Hebrew University
Computer Science
DANSS Lab

Home

Network Gauge

Download

Usage

Metrics

Screenshots

 

 

 

 

 

 

The Metrics

In order to measure distances we use a combined form of several known metrics. These are divided to static and dynamic metrics. The static metrics are helpful since their computation time is short, and require no network connection or other kind of assistance. However, they give limited information, and usually only determine when the other node is very close. These methods are:

IP Address Difference
We take the length of the longest prefix shared between the two nodes IP addresses. The longer the shared prefix, the closer the nodes. Unfortunately, values under 8 or even 16 are usually not helpful, as the distribution of IP addresses is random around the globe. However, when the values are above 16, it means that the two nodes are in the same B class or C class sub-net. This indicates that the nodes are pretty close, usually in the same ISP or AS.
DNS Name Difference
he DNS names of the nodes are parsed to tokens. These token lists are compared to get the largest common suffix. for example, the node www.cs.huji.ac.il is parsed to {www, cs, huji, ac, il}. It has a common suffix of 2 with www.cs.tau.ac.il (the ac.il suffix) and a common suffix of 0 with www.cnn.com. The rationale behind this method is that close nodes have similar DNS names. Also, due to the country suffix used in all the countries (besides the United States) it is easy to determine if the nodes are close geographically.
Global domain names, such as .com, .net or .org pose a problem in this case, since they are popular and wanted around the world. Unlike country specific suffix, these suffixes give no indication whether the nodes are close when the common suffix is 1 (for example www.washingtonpost.com and www.nytimes.com has no relation, however www.w3.org and validator.w3.org located very close (their IP addresses are 128.30.52.25 and 128.30.52.13 respectively). This characteristic demands special treatment by the measuring code. Our solution was to convert a distance of 1 between two names that ends with .com, .net or .org to 0, as if there was no relation at all. The one exception here is the .edu suffix, unique to universities in the United States, so that the distance between www.stanford.edu and www.mit.edu is 1.

Using this metrics can be used to determine whether two nodes are in the same organization (which is generally very good, communication wise) or located in the same country which is good from our locality aware perspective.

The dynamic metrics are divided to two types. The first exploits network resources alone, and needs no cooperation from the other node. This group includes the following metrics:

Ping / Latency
Ping is a small program used to check the availability of another node in the network. It returns the time in milliseconds of the round trip time (RTT) of an ICMP message sent to the other node. A smaller value indicates better connection to the other host.
We have found that ping has one major drawback when experimenting in the Planet-Lab environment.
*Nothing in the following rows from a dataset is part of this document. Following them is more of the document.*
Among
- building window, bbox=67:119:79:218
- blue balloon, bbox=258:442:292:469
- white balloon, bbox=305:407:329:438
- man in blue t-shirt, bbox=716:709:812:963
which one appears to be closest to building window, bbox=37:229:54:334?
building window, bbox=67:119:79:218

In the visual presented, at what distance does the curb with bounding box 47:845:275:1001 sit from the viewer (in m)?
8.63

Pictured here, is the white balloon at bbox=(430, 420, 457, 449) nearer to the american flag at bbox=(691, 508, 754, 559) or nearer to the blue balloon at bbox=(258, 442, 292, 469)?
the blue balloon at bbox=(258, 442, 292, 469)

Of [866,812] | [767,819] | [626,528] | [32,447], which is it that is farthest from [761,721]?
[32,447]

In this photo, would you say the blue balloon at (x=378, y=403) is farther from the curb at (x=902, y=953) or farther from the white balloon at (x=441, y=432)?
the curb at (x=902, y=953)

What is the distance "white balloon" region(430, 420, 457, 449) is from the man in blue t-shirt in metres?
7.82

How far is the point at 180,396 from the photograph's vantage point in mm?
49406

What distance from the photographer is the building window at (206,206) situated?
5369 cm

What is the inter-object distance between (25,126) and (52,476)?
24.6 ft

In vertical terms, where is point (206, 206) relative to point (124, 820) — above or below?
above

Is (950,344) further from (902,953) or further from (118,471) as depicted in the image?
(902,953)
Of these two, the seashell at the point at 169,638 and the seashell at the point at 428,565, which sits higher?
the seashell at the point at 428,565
Ping is used to perform distributed denial of service (DDoS) attacks on Internet hosts, and therefore it is blocked by some firewalls. The naive user might think that the other host is unavailable, as the ping fails, but normal TCP connections usually work fine. This has forced us to consider alternative ways for latency measurements, as described below.
Number of Hops
Using the traceroute program, we are able to determine the number of hops a TCP or UDP packet has to pass until it reaches the other node. This can give us an indication where a connection might be faster, since it travels through a smaller number of routers.
Number of Autonomous Systems
The Internet is divided to autonomous systems (AS), each is a collection of several IP networks under control of a single entity, typically an Internet Service Provider (ISP) or alike. Connection inside an autonomous system are usually faster than connections that span over several autonomous systems, so measuring only number of hops can be sometimes misleading. To overcome this, we also measure the number of autonomous systems separating between the hosts. We take the output of the number of hops measure, and associate each hop with its AS. Doing so gives us a list of AS instead of IP addresses. We then check how many times there are changes on the list and this gives us the number of AS the packets go through.
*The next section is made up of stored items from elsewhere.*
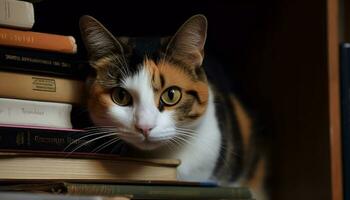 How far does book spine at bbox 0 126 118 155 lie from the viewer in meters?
0.64

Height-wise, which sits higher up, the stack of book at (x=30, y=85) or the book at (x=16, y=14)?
the book at (x=16, y=14)

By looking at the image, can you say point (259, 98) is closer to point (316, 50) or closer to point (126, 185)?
point (316, 50)

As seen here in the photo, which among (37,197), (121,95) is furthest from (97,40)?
(37,197)

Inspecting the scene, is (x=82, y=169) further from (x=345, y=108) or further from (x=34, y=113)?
(x=345, y=108)

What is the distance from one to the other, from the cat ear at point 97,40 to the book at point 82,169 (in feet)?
0.54

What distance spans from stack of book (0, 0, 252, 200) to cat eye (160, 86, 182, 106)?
88 millimetres

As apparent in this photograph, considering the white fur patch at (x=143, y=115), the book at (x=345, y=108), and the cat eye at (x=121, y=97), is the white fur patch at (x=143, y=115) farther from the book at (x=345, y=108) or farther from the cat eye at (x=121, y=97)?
the book at (x=345, y=108)

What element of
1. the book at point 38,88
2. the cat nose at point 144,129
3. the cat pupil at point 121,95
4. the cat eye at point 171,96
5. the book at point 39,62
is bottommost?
the cat nose at point 144,129

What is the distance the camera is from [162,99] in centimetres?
75

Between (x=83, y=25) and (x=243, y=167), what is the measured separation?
0.36m

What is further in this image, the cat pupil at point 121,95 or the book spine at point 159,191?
the cat pupil at point 121,95

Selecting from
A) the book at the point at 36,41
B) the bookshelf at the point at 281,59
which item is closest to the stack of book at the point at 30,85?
the book at the point at 36,41

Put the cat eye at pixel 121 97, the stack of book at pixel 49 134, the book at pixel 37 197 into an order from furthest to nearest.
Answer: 1. the cat eye at pixel 121 97
2. the stack of book at pixel 49 134
3. the book at pixel 37 197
The second type of dynamic metrics requires some daemon on the other node, in order to perform the measurements. This group includes the following metrics:

TCP Ping
As mentioned above, using the regular ping poses a problem due to the tendency of system administrators to block ping queries as described above. The blocking is usually done at the receiving side (the computers behind the firewall does not return the ``pong''), but we have found several computers that where blocked from sending the ping (or receiving the ``pong''). To overcome this obstacle, we use a ''ping over TCP'' mechanism. Instead of measuring the RTT of the ICMP packet, we measure the time it takes to send one byte and receive one byte from the other node. Due to the characteristics of TCP, this version of ping should be slower than the original version, but measures have shown that over large distances the difference is small. Also, it still gives the ability to compare different host by their response times.
Connection Creation Time
This metrics measure how long it takes to open a connection to the other host, send a byte and receive a byte back. This helps us to determine how quickly a connection between two hosts can be established.
Upload/Download Bandwidth
The topology of the Internet does not match physical distance with good connection. The most common way to determine if two hosts in the network are well connected is to measure the bandwidth of the data traffic between them. We measure the bandwidth from two different viewpoints: the upload bandwidth and the download bandwidth. In regular clients, the metrics measures the regular network traffic (such as routing table update) without interfering with it. In the network distance gauge tool, a 256KB chunk of data was transferred to measure the bandwidth. This size was selected since it is a common 'block' size in file sharing networks.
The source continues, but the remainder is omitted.